University or high school students competed in two main categories: Prototype (featuring more futuristic vehicles) and UrbanConcept (bearing a practical form and more similar to contemporary cars). The vehicles were required to pass a battery of thorough technical inspections — 11 in total — before being allowed on-track testing (and they must run a minimum of 30 minutes); and may be powered by an internal combustion engine (using gasoline diesel, or ethanol), a battery, or hydrogen fuel cell.

Teams from Indonesia locked out the podium places in the UrbanConcept-internal combustion engine (ICE) category. Taking first place was ITS Team Sapuangin of Institut Teknologi Sepuluh Nopember (395 km/l), followed by Garuda UNY ECO Team of Universitas Negeri Yogyakarta (383 km/l), and Sadewa of Universitas Indonesia (348 km/l). Among battery electrics, Vietman emerged victorious via Lac Hong University’s LH-EST Team (170 km/kWh), followed by Indonesia’s Nogogeni ITS Team 1 of Institut Teknologi Sepuluh Nopember (169 km/kWh), and Bumi Siliwangi Team 4 of Universitas Pendidikan Indonesia (165 km/kWh). The Nanyang E Drive of Nanyang Technological University (Singapore) (94 km/m3), ITS Team 5 of Institut Teknologi Sepuluh Nopember (Indonesia) (90 km/m3), and UiTM Eco-Planet Universiti Teknologi Mara (UiTM) Shah Alam (Malaysia) (45 km/m3) took the trophies among hydrogen fuel cell-powered entries.

In the Prototype (ICE) category, the winners were Thailand’s RMUTP Racing of Rajamangala University of Technology Phra Nakhon (registering a figure of 1,547 km/liter), China’s Zeal Eco-Power Proto of Tongji University (966 km/l), and Indonesia’s Rakata of Institut Teknologi Bandung (926 km/l). Two entries from Singapore showed the way in hydrogen: TP Eco Flash of Temasek Polytechnic (403 km/l), and The Black Order of Ngee Ann Polytechnic (122 km/l). Among battery electrics, China’s HuaQi-EV Guangzhou College of South China University of Technology (502 km/kWh), India’s Averera of Indian Institute of Technology-Banaras Hindu University (465 km/kWh), and Indonesia’s Semar Proto UGM of Universitas Gadjah Mada (387km/kWh) led the way.

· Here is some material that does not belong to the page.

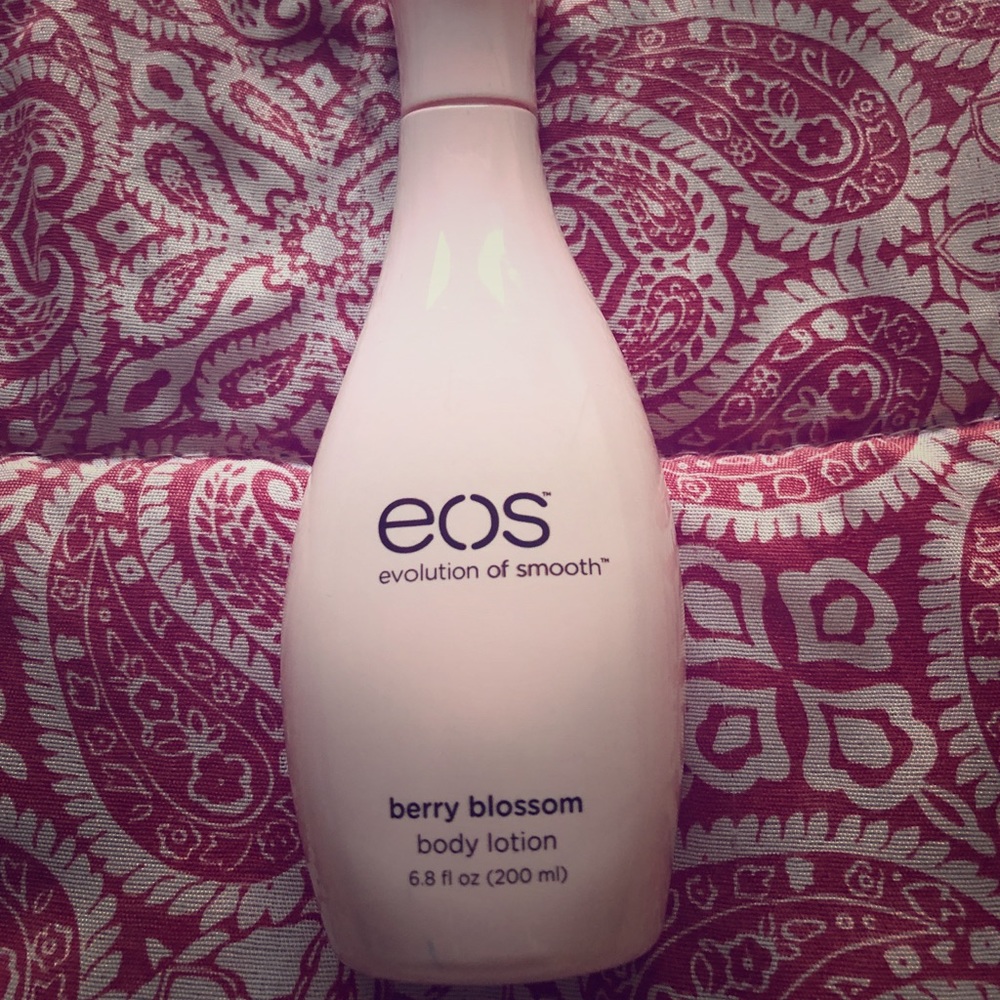 EOS Berry Blossom Body Lotion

“The role of Shell in SEM is to be a convener of ideas and innovation. We want to invite and encourage… give (students) a purpose to try out their ideas and put them down on the track and see how they compete with ideas from other universities,” explained Mr. Koch. “We see it as an investment in the bright young minds of the future who will be the designer of the car that you and I will be driving in 10 or 20 years.”

Shell isn’t playing any favorites in terms of the future energy sources readily used and available to mankind. “The future of mobility will be a mosaic of energy. All the energy that we have here — hydrogen, electric, and gasoline — have their advantages and disadvantages. It’s very likely that the mobility of the future will be fueled by a mix of energy sources,” stressed the SEM lead. “It’s about driving the efficiency of each energy to the maximum.”

Aside from bragging rights, category team winners get US$3,000 for their schools. An additional four off-track awards (also receiving US$3,000 each) go for those who exhibit excellence in areas from “communication to vehicle deign,” and to participants with the “greatest team spirit and perseverance in the face of adversity.” The total kitty amounts to US$50,000.